Collegiata di Santa Maria Assunta. This is one of the most famous attractions in Positano. The old church, boasting of a majestic dome, was built in the 1920s and is the location of the famous 13th century Byzantine icon, the Madonna di Positano
The place itself.
The shops near the harbor.
Ferry trip to Paestum or Ischia and Capri (including the Blue Grotto) during summer months.
Or if you are after luxury, charter a private motor-boat with Charter La Dolce Vita  and you can design your own itinerary with the captain. Suggested ideas include departing Positano for a full-day tour to Capri, circling island with the grottos or out to Ischia, or along the Sorrento Coast or just cruising along the Amalfi Coast.
Soak up the beauty on either of Positano's two beaches: Fornillo, the smaller, more secluded beach is accessible either by a set of stairs from the grotto above or via a path from Spiaggia Grande. Fornillo has a more laid back atmosphere with four beach bars lining the shore and no ferry traffic. Spiaggia Grande, the main beach and ferry port, is the hub of activity in Positano. Don't miss it, but don't forget there is much more to Positano.
Lemons, extra large.
All sorts of lemon products.
Colorfully painted tiles.
Limoncello (lemon liqueur produced mainly in the region around the Gulf of Naples and the coast of Amalfi and Islands of Ischia and Capri)

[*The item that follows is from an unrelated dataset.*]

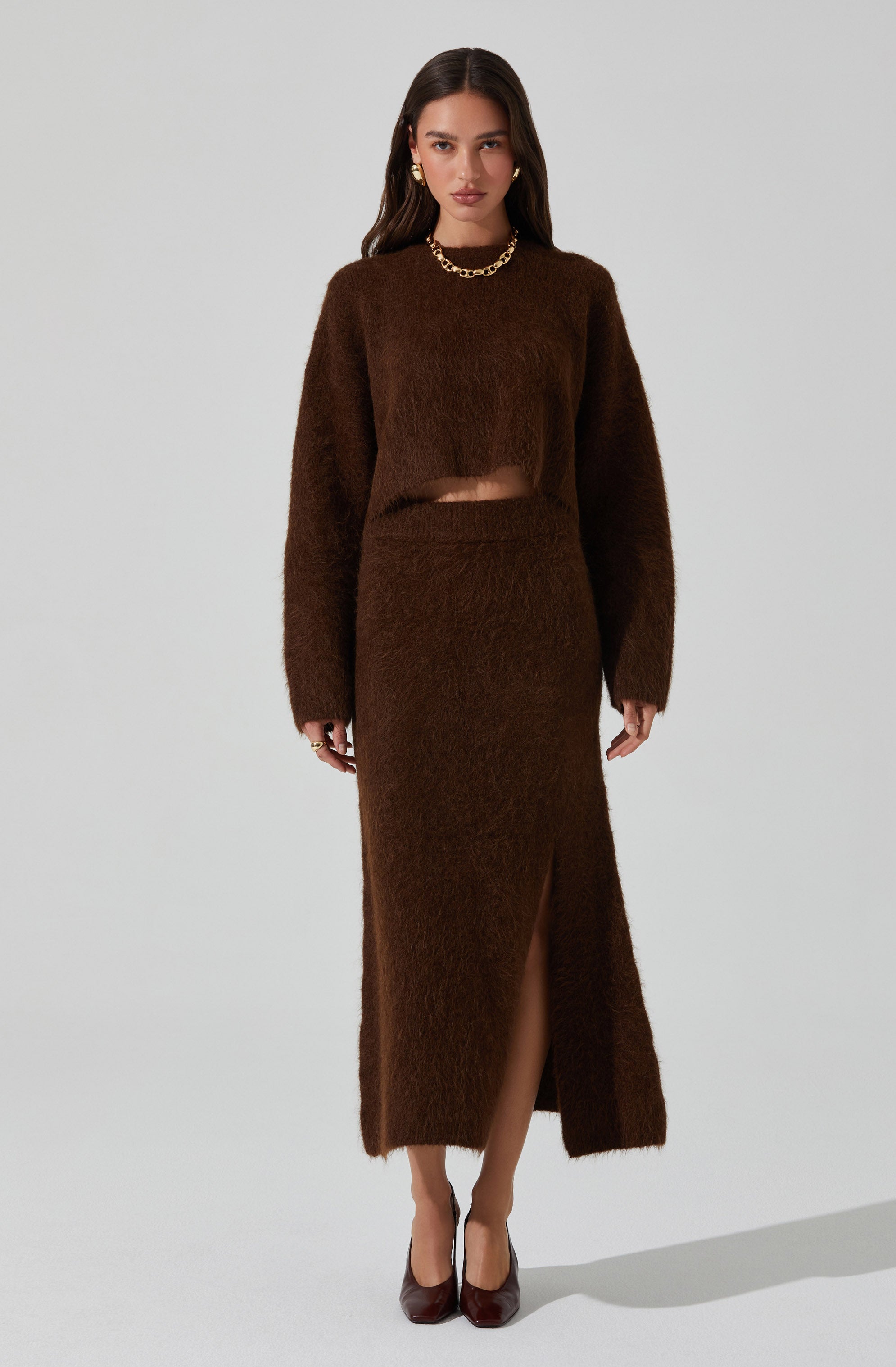 Sinisa Brushed Wool Midi Skirt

Grottino Azzurro, Via Guglielmo Marconi 158, ☎ +39 089 875466. is a cheap and nice local restaurant offering local food close to the first bus stop, Chiesa Nuova, coming from Sorrento. The owners are an old Italian couple that are not bothered by the fact that they only speak Italian and you only anything but. They just serve you their very tasty food.
Da Costantino, Via Corvo, ☎ +39 089 875738, . at the very top of Positano offers a spectacular view of the entire town and the sea. The pizza is divine and other specialties include cheese crepes, gnocchi and bolognese. Prices are reasonable and this is a great place for those looking for good food on a budget.
Da Vincenzo, Viale Pasitea 172, ☎ +39 089 875128, . With bells hanging throughout the restaurant, maintains a high quality of service and unique style. Chefs offer detail-oriented plates from the grilled vegetable antipasti to incredible fresh fish. Go hungry, as you will not want to pass up on appetizers, a main course and a dessert. Marcella makes homemade desserts that are legendary in her family. Expect to pay a little more for a full dinner, however it is well worth it. Viva le donne!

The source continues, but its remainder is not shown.